Burjuva hukuku karşısında durumu birebir aynı olup ama uygulamada iki farklı kararın çıkması, en hafif ifadeyle bir çifte standart göstergesidir. AKP iktidarında sayısız çifte standart örneğiyle karşı karşıyayız. Dolayısıyla çifte standarttın AKP iktidarının temel özelliklerinden biri haline geldiğini söylemek hiç de abartı olmayacaktır. Bu o kadar açık yapılıyor ki, başlıktaki ifade abartma değil, son örnekte yetersiz bile kalıyor.

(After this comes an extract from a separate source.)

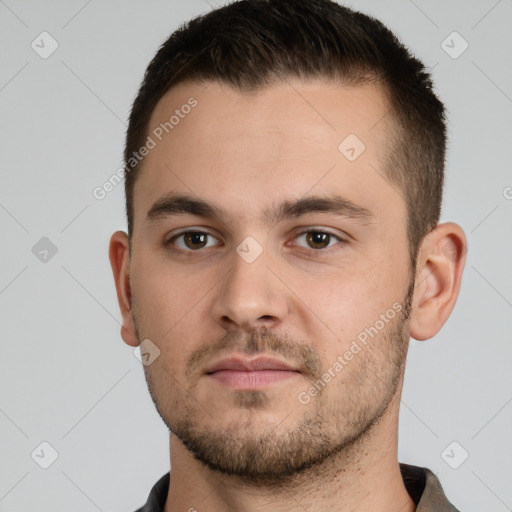 Neutral white young-adult male with short  brown hair and grey eyes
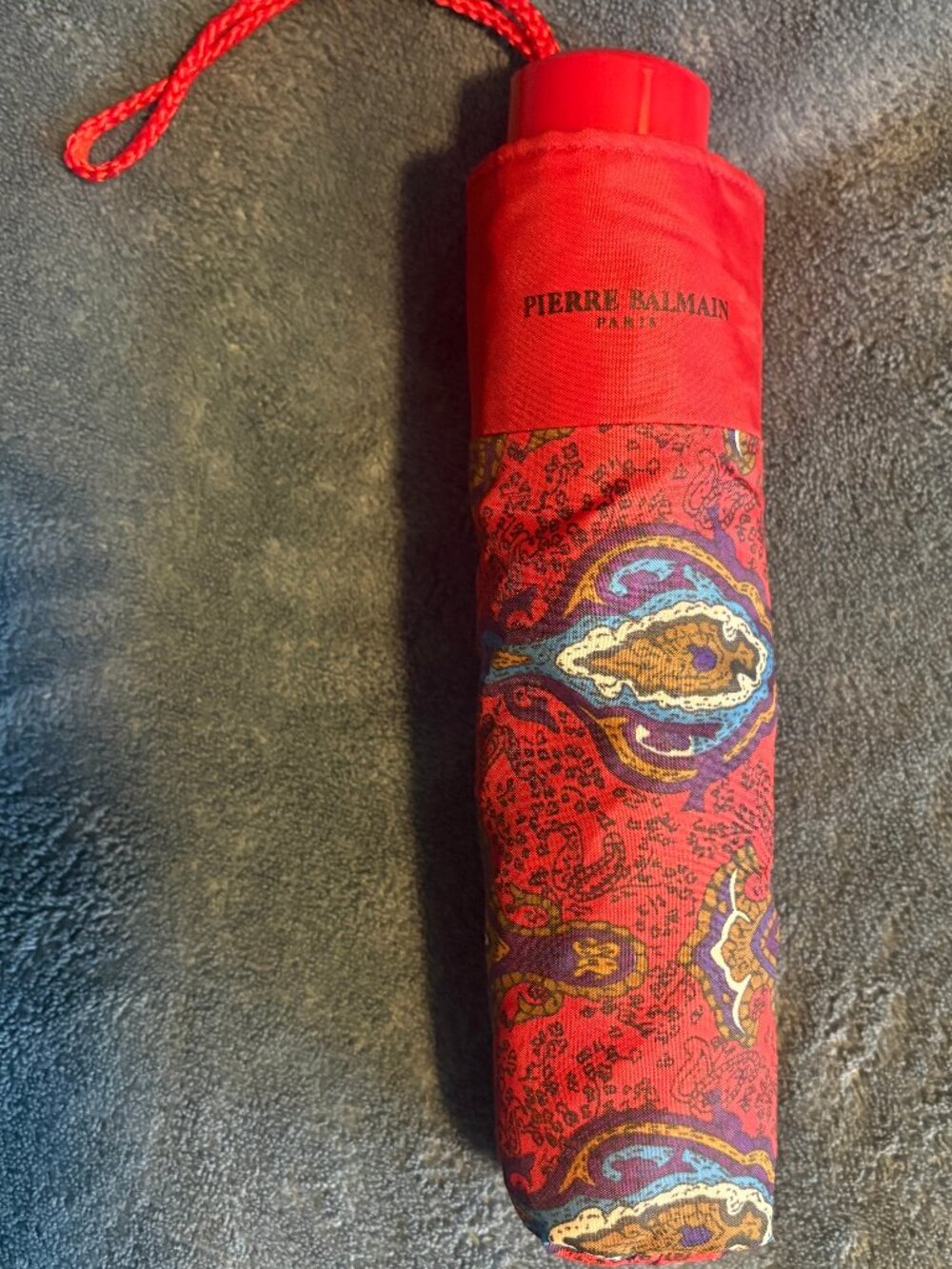 Vintage Pierre Balmain Paris Paisley Folding Compact Umbrella with Sleeve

Demans hastası olan eski Genelkurmay 2. Başkanı Çevik Bir hakkında düzenlenen hastane raporunda, cezaevi koşullarında kalmasının uygun olmadığı, infazının ertelenmesi gerektiği belirtildi.

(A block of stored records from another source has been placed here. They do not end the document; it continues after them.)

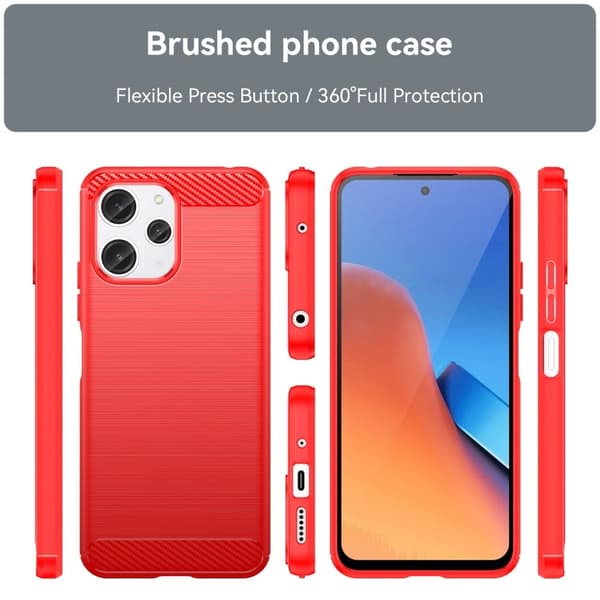 Carbon Flex Suojakotelo Xiaomi Redmi 12 - Punainen Red
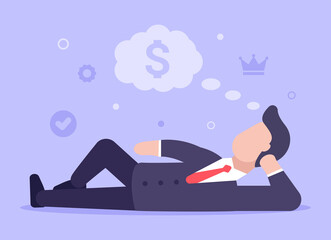 Business dreams concept. A man in a business suit lies and dreams of achieving success in business and getting a lot of money. Web banner. Vector illustration in modern flat style. EPS 10. Success.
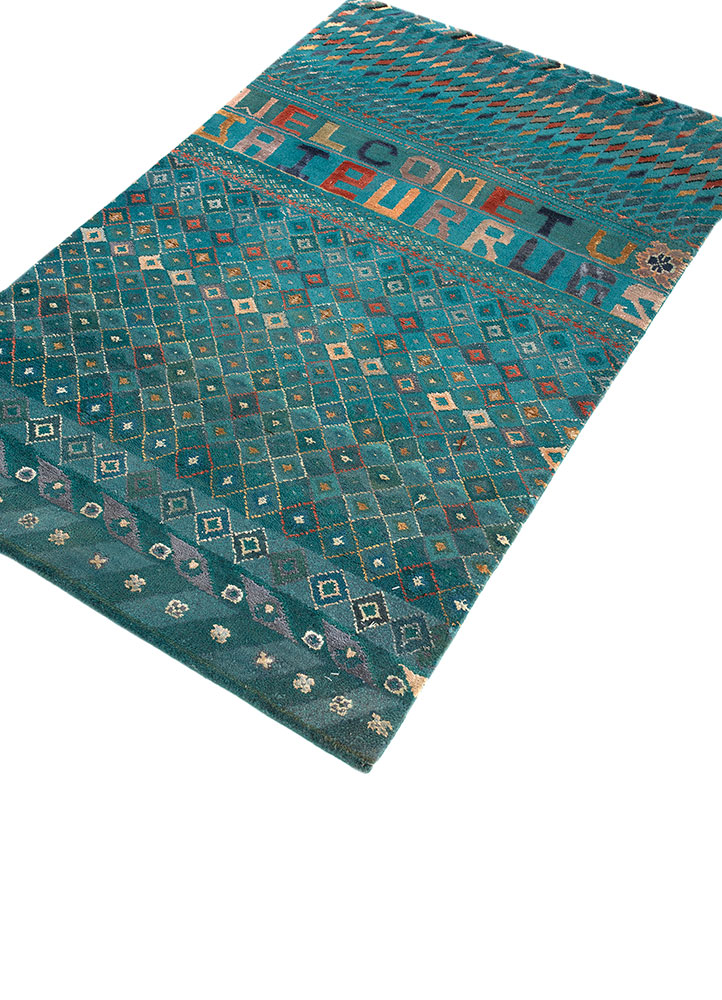 manchaha blue wool and bamboo silk hand knotted Rug - FloorShot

Adli Tıp Kurumu (ATK) değil hastane heyetinin verdiği rapora göre Çevik Bir tahliye edildi. Burada yanlış olan bir şey yok. Hastane heyeti tıp etiğine göre rapor düzenlediyse, “hapiste tek başına yaşamını idame ettiremeyecek” Çevik Bir’in tahliye edilmesinde yanlış olan hiçbir şey yok.

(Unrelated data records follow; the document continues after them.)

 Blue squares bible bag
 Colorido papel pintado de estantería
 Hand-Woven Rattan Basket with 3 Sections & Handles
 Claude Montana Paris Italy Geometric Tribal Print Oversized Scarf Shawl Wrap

Yanlış ve çifte standart olan, aynı raporu olan demans hastası Aysel Tuğluk’un serbest bırakılmamasıdır. Üstelik Tuğluk’a ATK raporu dayatılıyor. ATK ise tıp etiğine tümüyle aykırı bir şekilde “hapiste kalabilir” raporu veriyor.
Birincisi ATK raporunun dayatması iktidarın kendi burjuva hukukunu bile tanımamasının ifadesidir. Çünkü ATK raporu zorunluluğunun olmadığını Çevik Bir’in tahliye edilmesi gösteriyor. İkincisi yine iktidarın hukuk-norm-kural tanımazlığına başka bir örnek de ATK raporuyla bile hapiste kalamaz denen Ergin Aktaş gibi engelli tutsakların serbest bırakılmamasıdır. Hatta bazen “tehlikeli” diye verilen polis raporuyla bile tahliyeler engelleniyor. Sonuç olarak hasta mahpusun serbest kalıp kalmayacağına savcının talebiyle infaz hakimliği karar veriyor.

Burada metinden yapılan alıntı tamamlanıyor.